2.04.2011

Guild Socialism

From Ayn Rand : “The Cashing-in: The Student ‘Rebellion,’” Capitalism: The Unknown Ideal
Particularly Relevant to Every Aspect of Statist Québec :
 The student rebels’ notion 
that universities should be run by students and faculties 
was an open, explicit assault on the same right 
attacked implicitly by all their other notions: 
the right of private property. 
And of all the various statist-collectivist systems, 
the one they chose as their goal is, 
politico-economically, the least practical; 
intellectually, the least defensible; 
morally, the most shameful: 
guild socialism.
Guild socialism is a system that 
abolishes the exercise of individual ability 
by chaining men into groups 
according to their line of work, 
and  
delivering the work into the group’s power
as its exclusive domain, 
with the group dictating 
the rules, standards, and practices 
of how the work is to be done 
and who shall or shall not do it.



Guild socialism is 
the concrete-bound, 
routine-bound mentality of a savage, 
elevated into a social theory. 
Just as a tribe of savages seizes a piece of jungle territory 
and claims it as a monopoly by reason of the fact of being there, 
so guild socialism grants a monopoly, 
not on a jungle forest or waterhole, 
but on a factory or a university
not by reason of an individual's ability, achievement, or even “public service,” 
but by reason of the fact that he is there.
Just as savages have no concept 
of causes or consequences, 
of past or future, 
and no concept of efficacy beyond the muscular power of their tribe, 
so guild socialists
finding themselves in the midst of an industrial civilization, 
regard its institutions as phenomena of nature 
and see no reason why the gang should not seize them.
If there is any one proof of 
an individual's incompetence, 
it is the stagnant mentality of a worker 
(or of a professor) who, 
doing some small, routine job in a vast undertaking, 
does not care to look beyond the lever of a machine 
(or the lectern of a classroom), 
does not choose to know how the machine 
(or the classroom) 
got there or what makes his job possible, 
but proclaims that the management of the undertaking 
is parasitical and unnecessary. 
Managerial work, 
the organization and integration of human effort 
into purposeful, large-scale, long-range activities, 
is, 
in the realm of action, 
what an individual’s conceptual faculty is 
in the realm of cognition. 
It is beyond the grasp and, therefore, 
is the first target of the self-arrested, sensory-perceptual mentality.
If there is any one way to confess one’s own mediocrity, 
it is the willingness to place one’s work in the absolute power of a group, 
particularly a group of one’s professional colleagues
Of any forms of tyranny, this is the worst; 
it is directed against a single human attribute: 
the mind
and against a single enemy: 
the innovator. 
The innovator, by definition, 
is the person who challenges the established practices of his profession.
To grant a professional monopoly to any group, 
is to sacrifice human ability and abolish progress; 
to advocate such a monopoly, 
is to confess that one has nothing to sacrifice.
Guild socialism is the rule of, by, and for mediocrity. 
Its cause is a society’s intellectual collapse; 
its consequence is a quagmire of stagnation; 
its historical example is the guild system of the Middle Ages 
or, in modern times, the fascist system of Italy under Mussolini.

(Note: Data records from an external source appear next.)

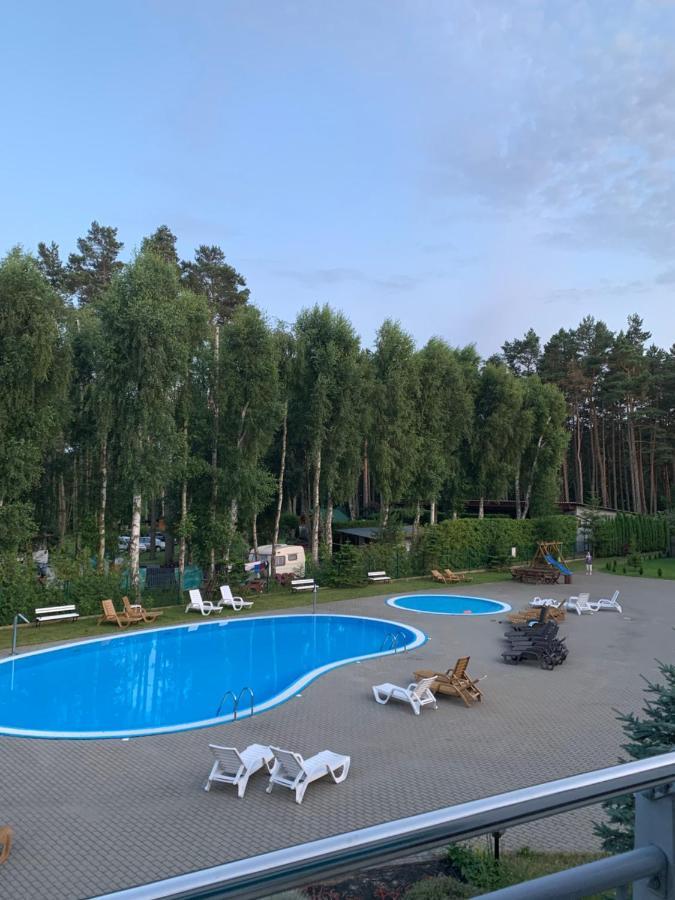 Uroczy Apartament Z Basenem I Kortem Tenisowym Pobierowo Exteriör bild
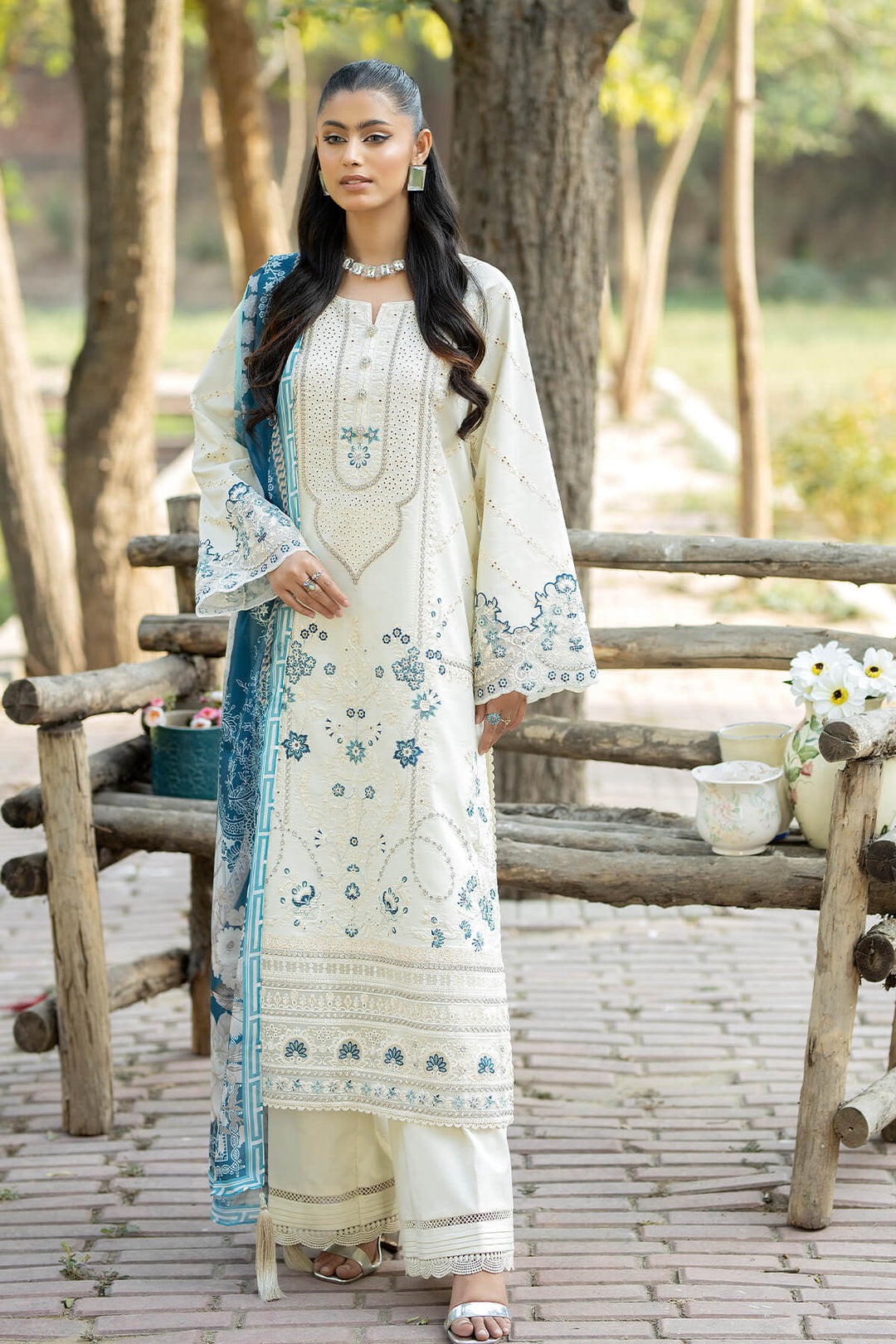 Elegant Off White Embroidered Pakistani Salwar Kameez Dupatta Suit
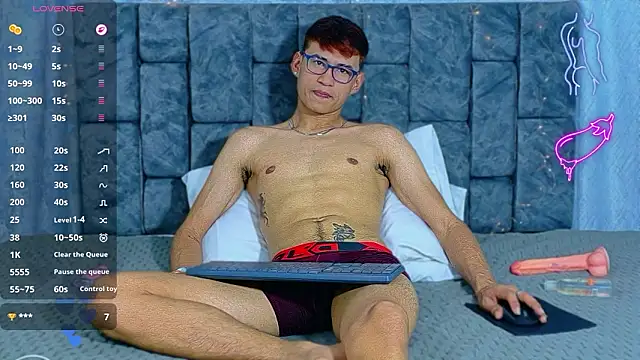 NicolasTorrezのライブXXXチャット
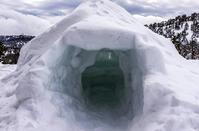 VIDEO: These are the crazy guys who built an igloo to stay in on Troodos!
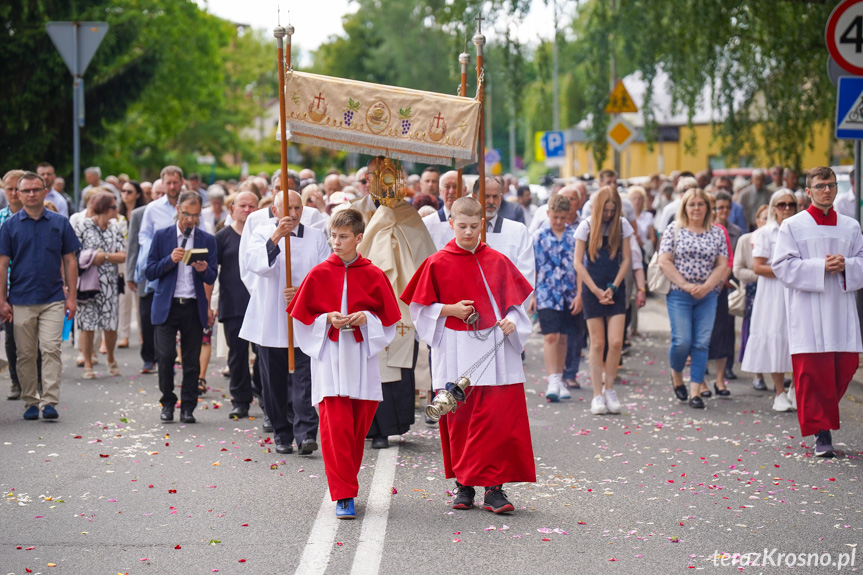 Procesja Bożego Ciała - Parafia Ducha Świętego w Krośnie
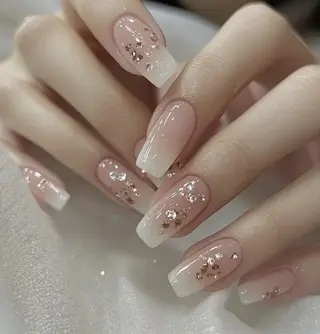 ネイル Pure&Rich Nailのネイルデザイン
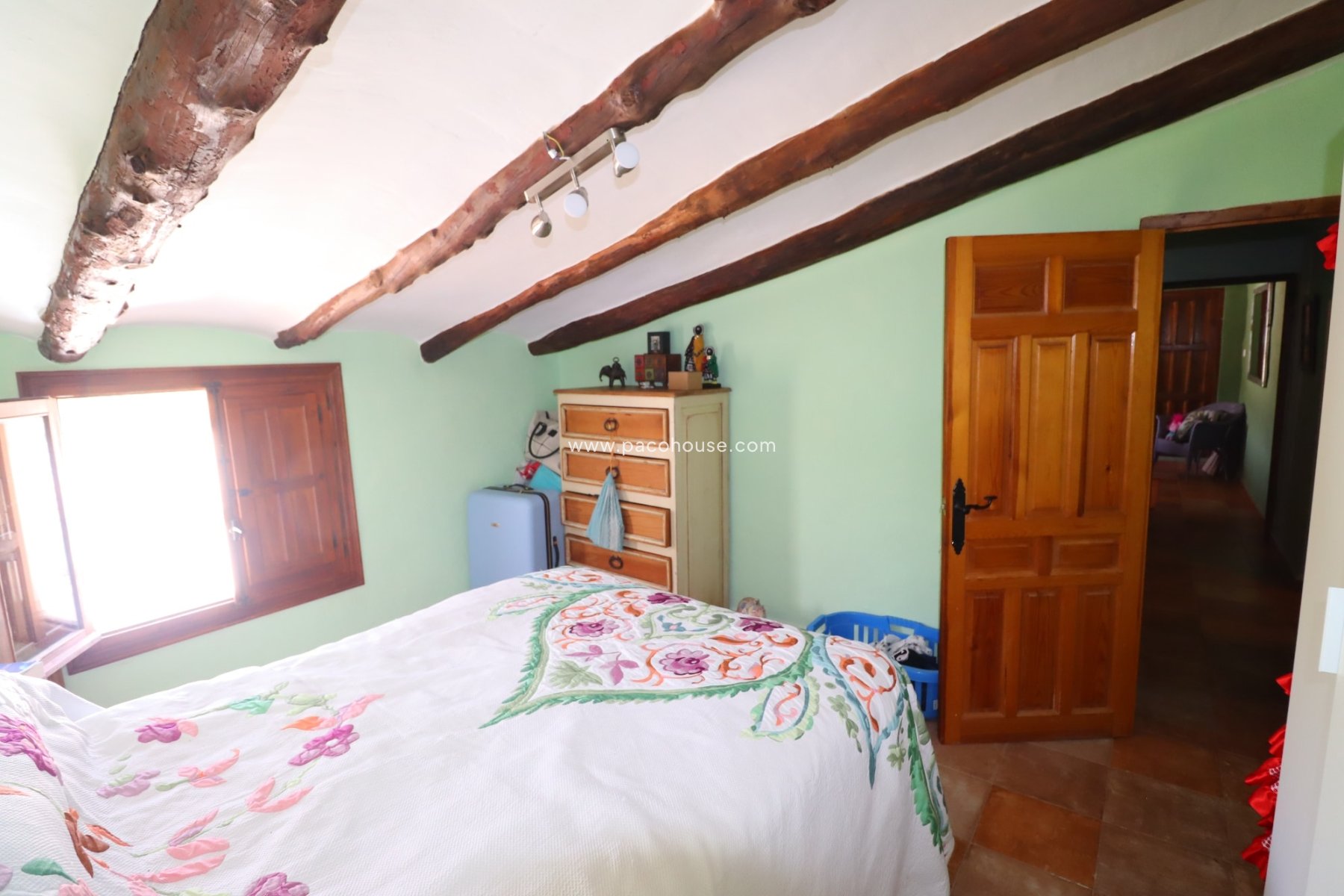 Resale - Country House -
Velez-Rubio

The particular form of economic organization, 
which is becoming more and more apparent in this country, 
as an outgrowth of the power of pressure groups, 
is one of the worst variants of statism: guild socialism
Guild socialism robs the talented young of their future, 
by freezing individuals into professional castes under rigid rules. 
It represents an open embodiment of the basic motive of most statists, 
though they usually prefer not to confess it: 
the entrenchment and protection of mediocrity from abler competitors, 
the shackling of people of superior ability 
down to the mean average of their professions. 
That theory is not too popular among socialists though it has its advocates,
but the most famous instance of its large-scale practice was Fascist Italy.
In the 1930’s, a few perceptive people said that Roosevelt’s New Deal 
was a form of guild socialism and 
that it was closer to Mussolini’s system than to any other. 
They were ignored. 
Today, the evidence is unmistakable.
It was also said that if fascism ever came to the United States, 
it would come disguised as socialism.